WHAT THE EXERCISE ASKS: Would you transcribe only the lines below, from the one containing "I denti delle" through the end of the material, exactly and with no pictures?

EXTRACTED DATA:
-----
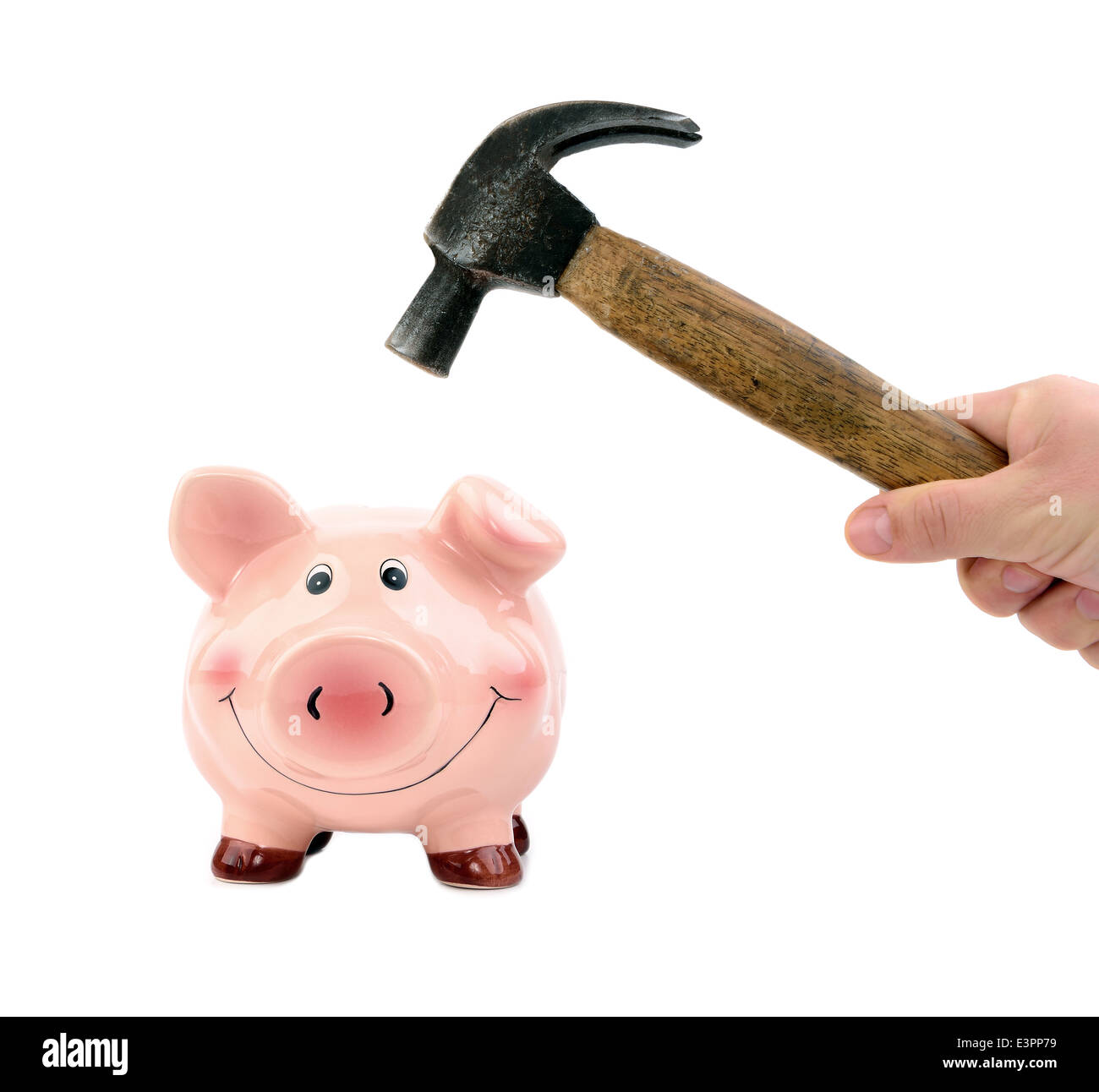 A hand holding a hammer which is raised above a piggy bank Stock Photo ...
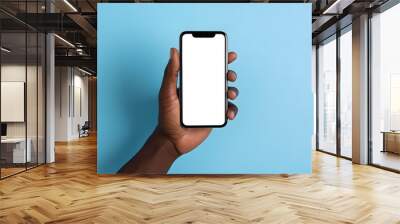 Male or Female hands holding smartphone with blank white screen isolated on blue background. Black man using device. Copy space. Mockup or Template for Presentation. Generative Ai. Wall mural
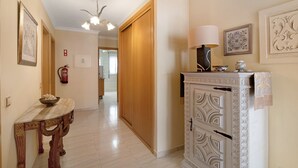 A hallway with a wooden door, a white cabinet with decorative panels, a table with a bowl, and a ceiling light fixture.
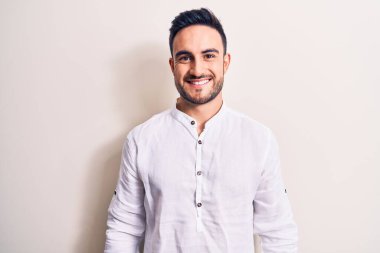 Sakallı, sıradan tişörtlü, beyaz arka planda mutlu ve havalı bir gülümsemesi olan genç yakışıklı bir adam. Şanslı kişi..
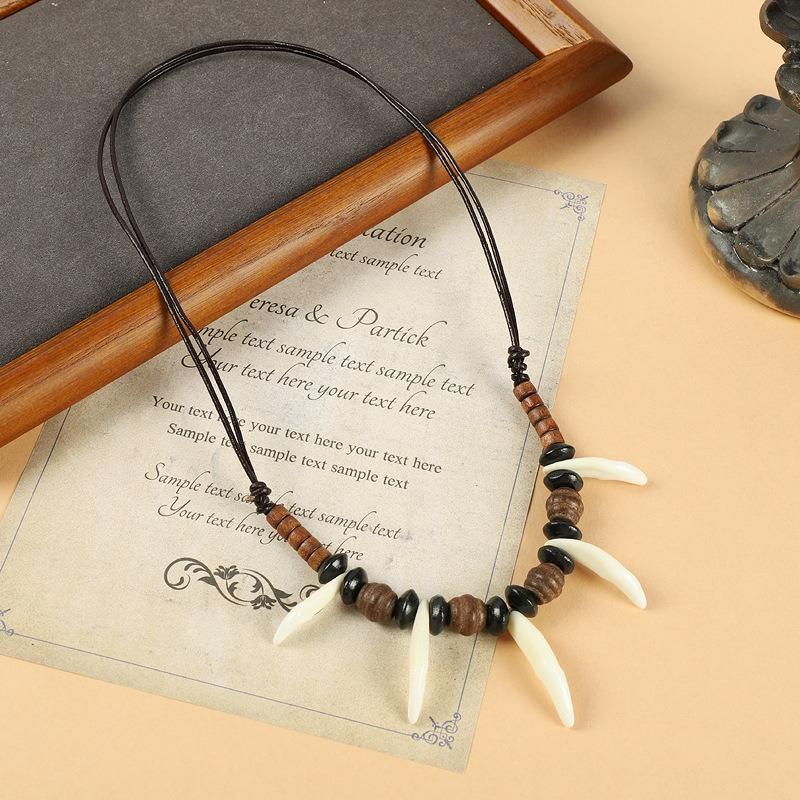 Деревянные бусины ожерелье с настоящим собачьим зубом для мужчин и женщин ретро персонализированный кулон волчий зуб кулон собачий зуб тибетские аксессуары
Деревянные бусины ожерелье с настоящим собачьим зубом для мужчин и женщин ретро персонализированный кулон волчий зуб кулон собачий зуб тибетские аксессуары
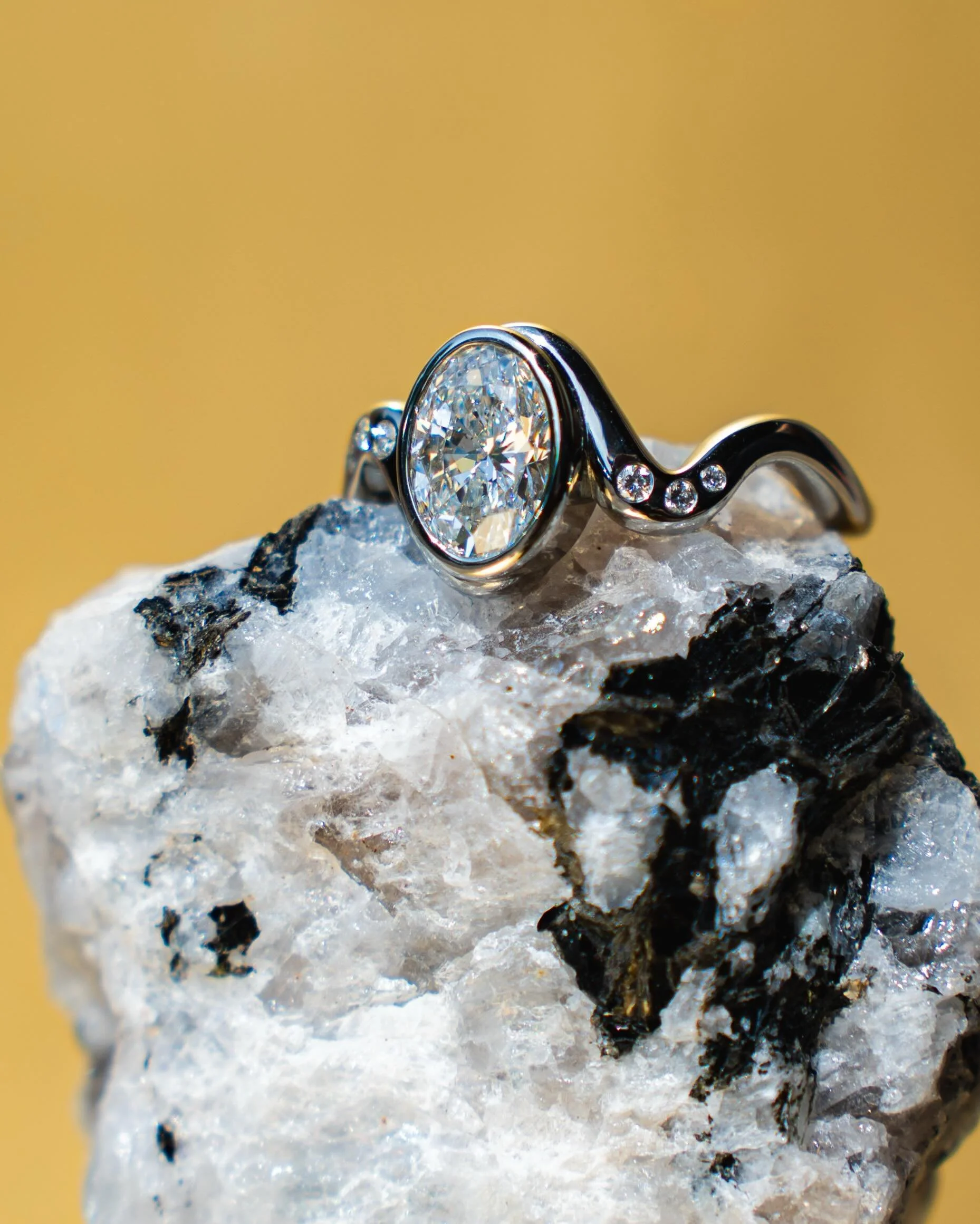 Congrats to J &amp; M 🎉🥂❣️
We took the water wave inspo from this ring design seriously for capturing this ring. 
🌊🌊🌊🌊🌊🌊
.
.
.
📸: @pattyframes 
#customengagementring #engagementring #ovaldiamond #cincinnatismallbusiness #whitegold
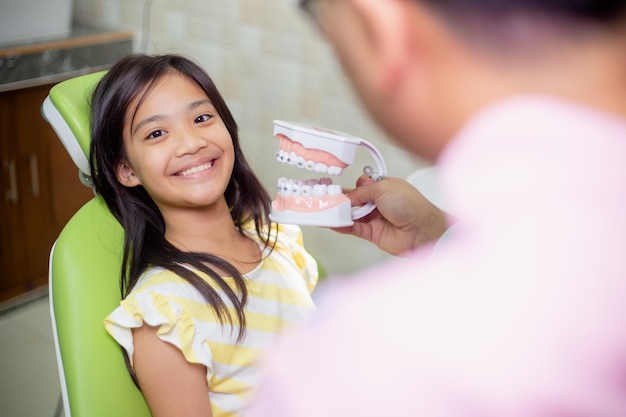 I denti delle bambine asiatiche sono sani nello studio dentistico Cure dentistiche Cure dentistiche
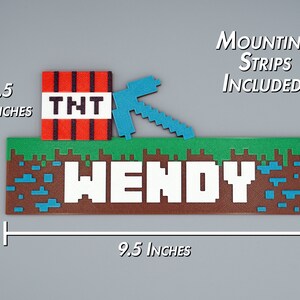 May include: A Minecraft-themed nameplate with the name "WENDY" in white pixelated letters. The nameplate is brown with green grass and blue water blocks. A red TNT block with a pickaxe is on the left side of the nameplate. The nameplate is 9.5 inches wide and 4.5 inches tall. Mounting strips are included.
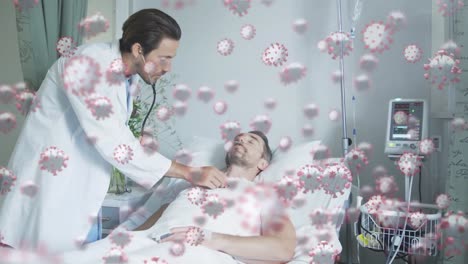 Animation-of-macro-Covid-19-cells-floating-over-Caucasian-doctor-examining-a-patient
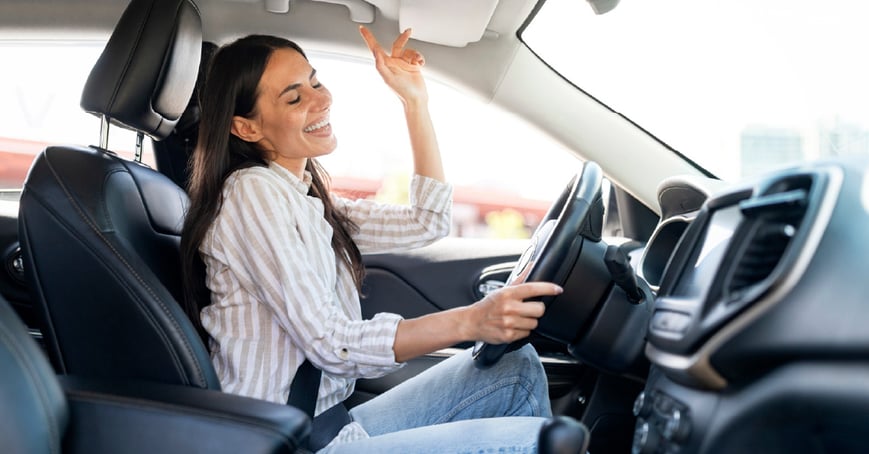 Woman driving in new car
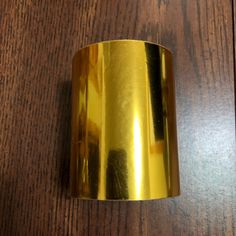 a close up of a gold colored metal object on a wooden table with wood grained surface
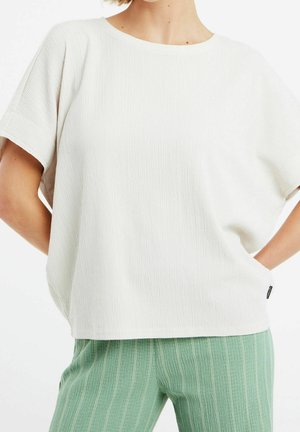 Biały top z fakturą, z zaokrąglonym dekoltem i krótkimi rękawami, zestawiony z zielonymi spodniami w paski. Charakterystyczne detale to luźny fason.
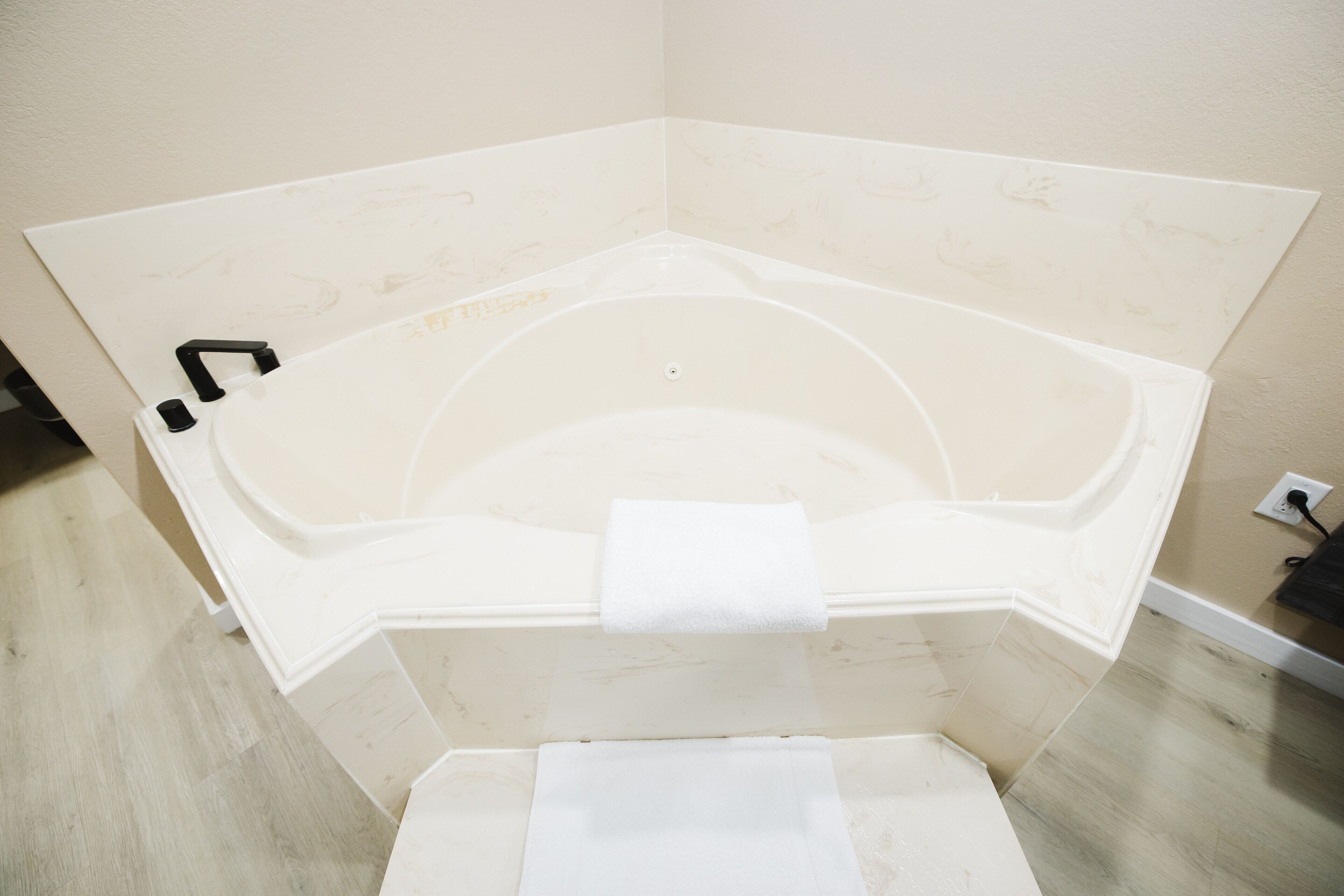 Un coin de pièce avec une baignoire, une serviette et une prise électrique au mur.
-----
ANSWER TO THE EXERCISE:
 I denti delle bambine asiatiche sono sani nello studio dentistico Cure dentistiche Cure dentistiche
 May include: A Minecraft-themed nameplate with the name "WENDY" in white pixelated letters. The nameplate is brown with green grass and blue water blocks. A red TNT block with a pickaxe is on the left side of the nameplate. The nameplate is 9.5 inches wide and 4.5 inches tall. Mounting strips are included.
 Animation-of-macro-Covid-19-cells-floating-over-Caucasian-doctor-examining-a-patient
 Woman driving in new car
 a close up of a gold colored metal object on a wooden table with wood grained surface
 Biały top z fakturą, z zaokrąglonym dekoltem i krótkimi rękawami, zestawiony z zielonymi spodniami w paski. Charakterystyczne detale to luźny fason.
 Un coin de pièce avec une baignoire, une serviette et une prise électrique au mur.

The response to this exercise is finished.